Thursday, July 2, 2020

Trying to make This Town et al ‘work’

I have very mixed feelings about This Town Ain’t Big For the 2-4 of Us. 

I backed the game on Kickstarter back in 2004, right when my interest in micro games was really kicking in. And, in theory, I still think it’s a great idea for a micro game. Twenty-four tiles with the symbols printed on them so you don’t need separate meeples. And I still think think the scoring system is really neat and leads to interesting choices.

In a nutshell, it’s a tile-laying game with fences and symbols printed on the tiles. Everyone has a symbol for their own. When an area is enclosed by fences, you score it. Here’s how that works. Whatever symbol has the greatest number of symbols in the area gets points equal to the number of second greatest symbols. And so on until whoever has the fewest symbols gets no points. 

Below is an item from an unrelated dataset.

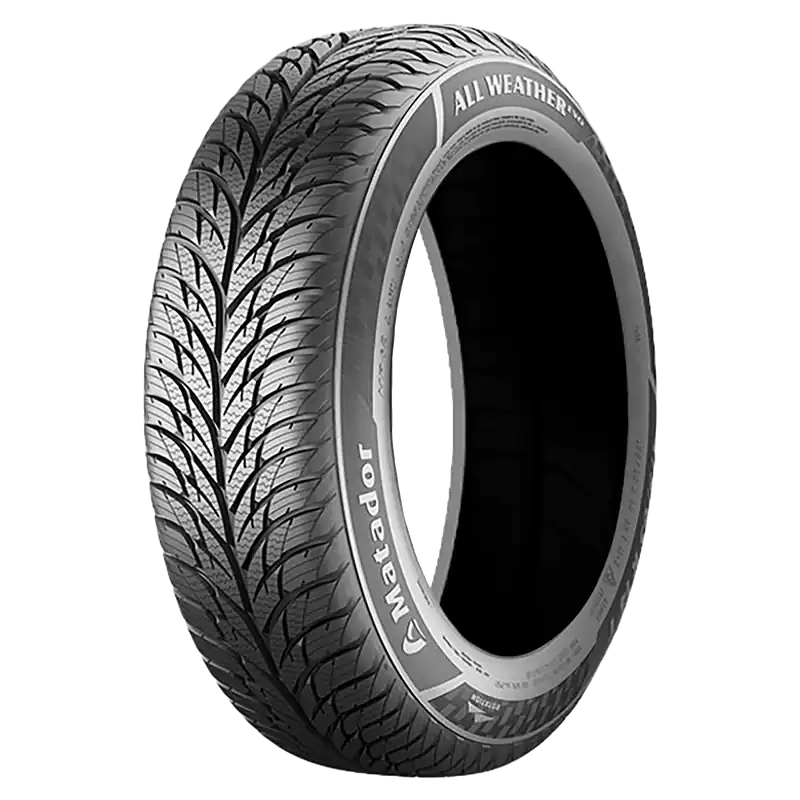 Super Prezzo 165 70 R14 81T MATADOR MP 62 ALL WEATHER EVO M+S 3PMSF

The scoring system doesn’t just make for interesting decisions. It also means that drawing a tile that doesn’t have your symbol isn’t a useless turn. Instead, any given tile has the potential to be useful to you.

The idea of a Carcassonne experience distilled down to 24 tiles that can fit it in any given pocket is a really compelling one for me. One of the major draws of a micro game is as a travel game. And there are elements of This Town et al that make it its own, distinct experience.

Buuuut... there are problems.

In my experience, there have been runaway leader problems. With only 24 tiles, when someone gets a lead, they have a good chance of fighting to protect it until the tiles run out. The game play doesn’t live up to the potential This Town et al seems to have.

An additional problem I had with the published version is that it came with a bunch of expansions that used itty, bitty tokens, along with a scoring stick that also had itty bitty tokens. The value I got out of not having meeples was taken away by having much more fiddly tokens.

And since I got This Town et al, I’ve found more the one game that fit into the niche of micro tile-laying game. The print-and-play Autumn and HUE from the Pack O Games both address the issues I had with This Town et al.

However, I still want to make it work.

So I have made a beater copy of the PnP version. (Yes, I could just pull the tiles out of the published edition but making a PnP copy just felt cleaner.) Strip the game down to its absolute basics, which also solves the travel problem.  I don’t know if that will make the game ‘work’ for me but I want to give it another try.